About this task:
The required output is the exact run of lines from the one that contains "LOFT XS Petite Navy and Cream Dress" to the end of the data, with every picture left out.

The data:
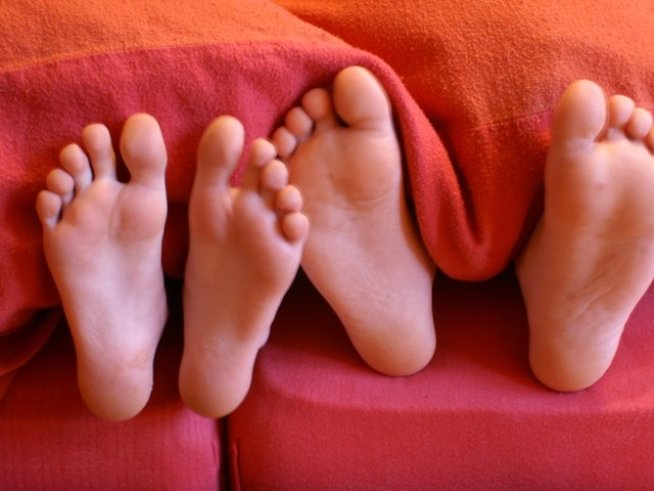 Снимка: sxc.hu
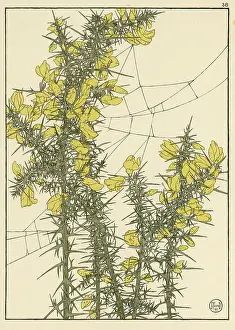Pochoir: Gorse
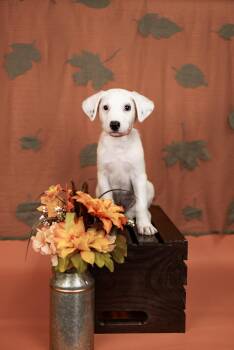 852-26 -  Shepherd and Pit Bull Terrier Dog for Adoption in Brighton, Colorado - 852-26 | PetCurious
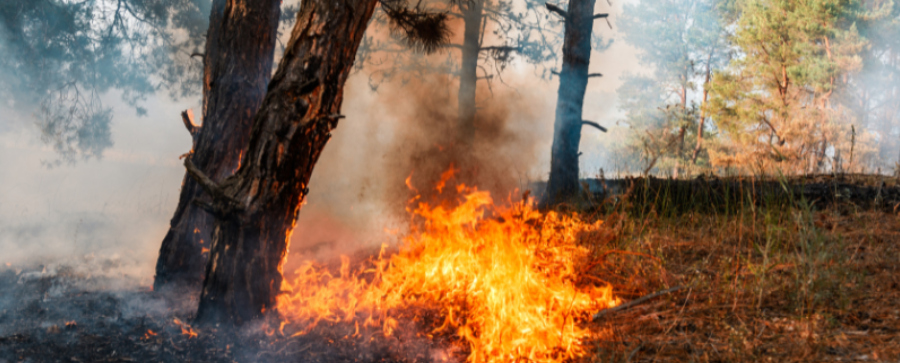 Rischio incendi boschivi - dichiarato lo stato di grave pericolosità dal 03/08/2026 al 09/08/2026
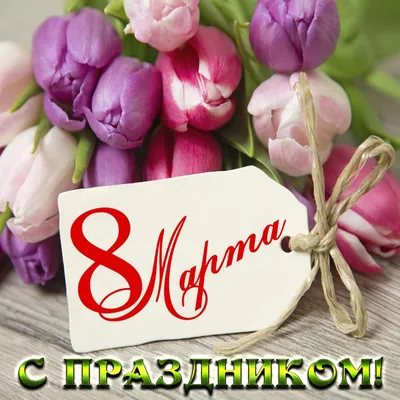 Скачать обои с 8 марта!!! тюльпаны на 8 марта, международный женский день,  with march 8! tulips on march 8, international women's day разрешение  1600x900 #76143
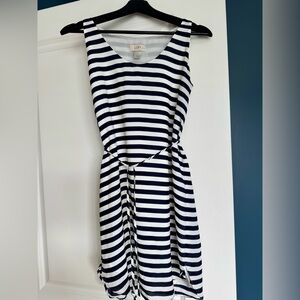 LOFT XS Petite Navy and Cream Dress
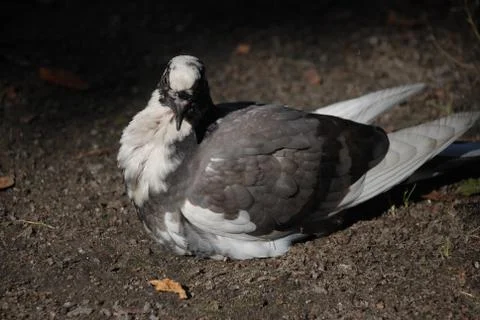Pigeon Sitting Stock Photos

Written solution:
 LOFT XS Petite Navy and Cream Dress
Pigeon Sitting Stock Photos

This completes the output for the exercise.